#### WORK TO COMPLETE
The answer should be the exact lines from the line containing "Câble audio 3.5" through the last line of the material below, with no pictures.

#### EXERCISE INPUT
===
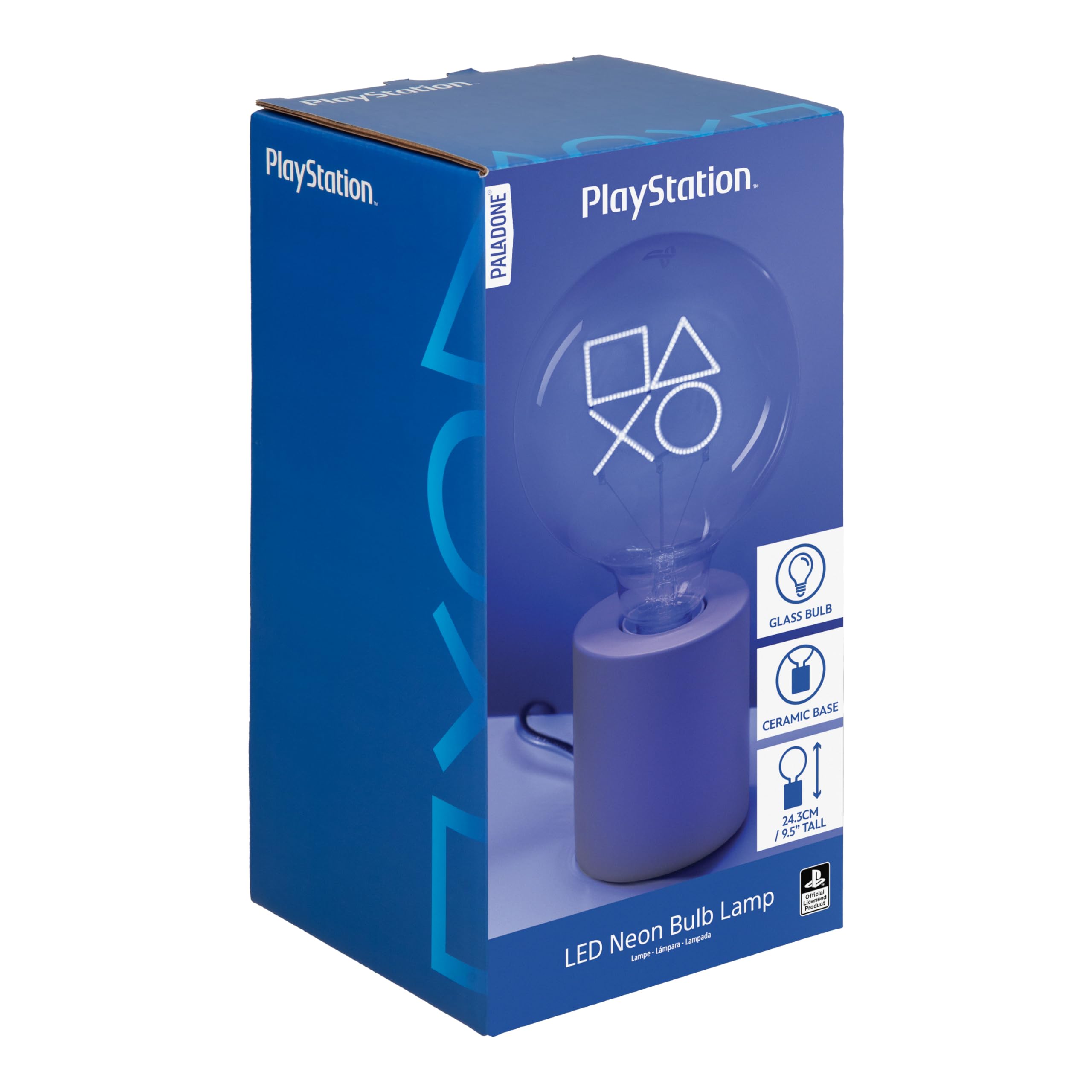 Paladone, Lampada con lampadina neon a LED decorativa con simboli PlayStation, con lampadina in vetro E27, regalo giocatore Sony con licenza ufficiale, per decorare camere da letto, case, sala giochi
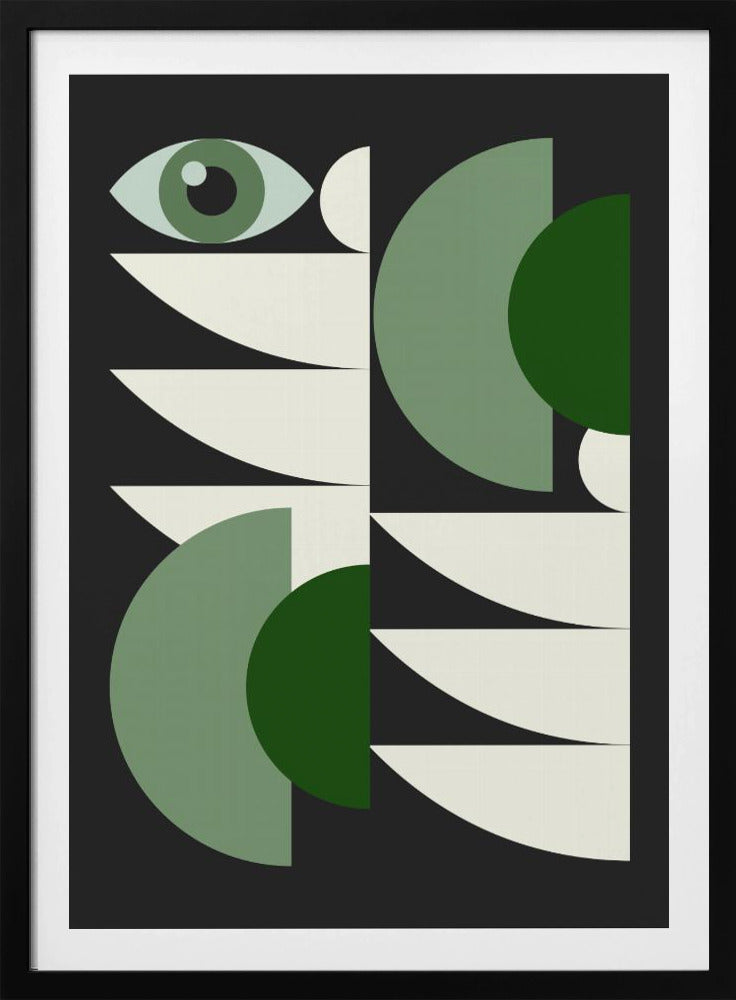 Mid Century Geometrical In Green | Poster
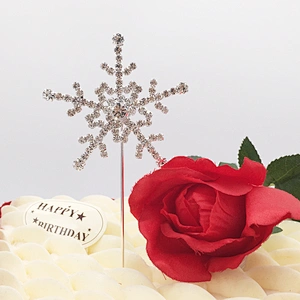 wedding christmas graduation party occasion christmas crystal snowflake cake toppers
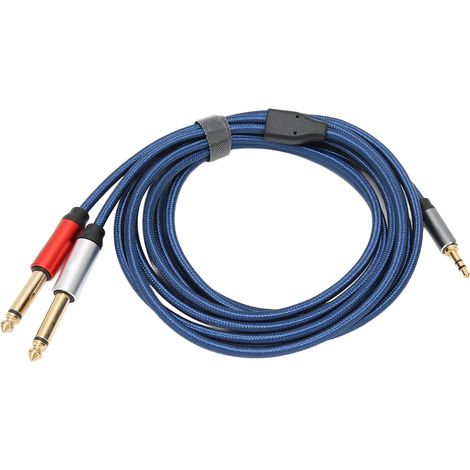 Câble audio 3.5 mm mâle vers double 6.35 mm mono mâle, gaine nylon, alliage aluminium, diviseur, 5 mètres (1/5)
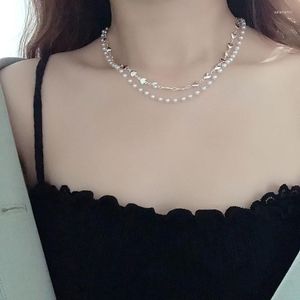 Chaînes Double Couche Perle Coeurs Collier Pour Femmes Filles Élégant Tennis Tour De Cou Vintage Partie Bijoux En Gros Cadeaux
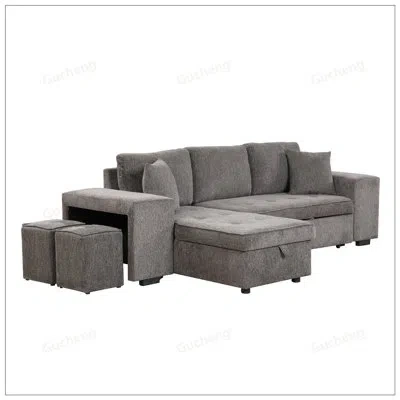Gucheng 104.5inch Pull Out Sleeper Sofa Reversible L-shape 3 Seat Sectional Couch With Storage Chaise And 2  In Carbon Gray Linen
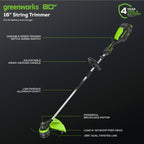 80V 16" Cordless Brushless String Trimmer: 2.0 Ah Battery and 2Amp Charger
===
#### EXERCISE SOLUTION
 Câble audio 3.5 mm mâle vers double 6.35 mm mono mâle, gaine nylon, alliage aluminium, diviseur, 5 mètres (1/5)
 Chaînes Double Couche Perle Coeurs Collier Pour Femmes Filles Élégant Tennis Tour De Cou Vintage Partie Bijoux En Gros Cadeaux
Gucheng 104.5inch Pull Out Sleeper Sofa Reversible L-shape 3 Seat Sectional Couch With Storage Chaise And 2  In Carbon Gray Linen
 80V 16" Cordless Brushless String Trimmer: 2.0 Ah Battery and 2Amp Charger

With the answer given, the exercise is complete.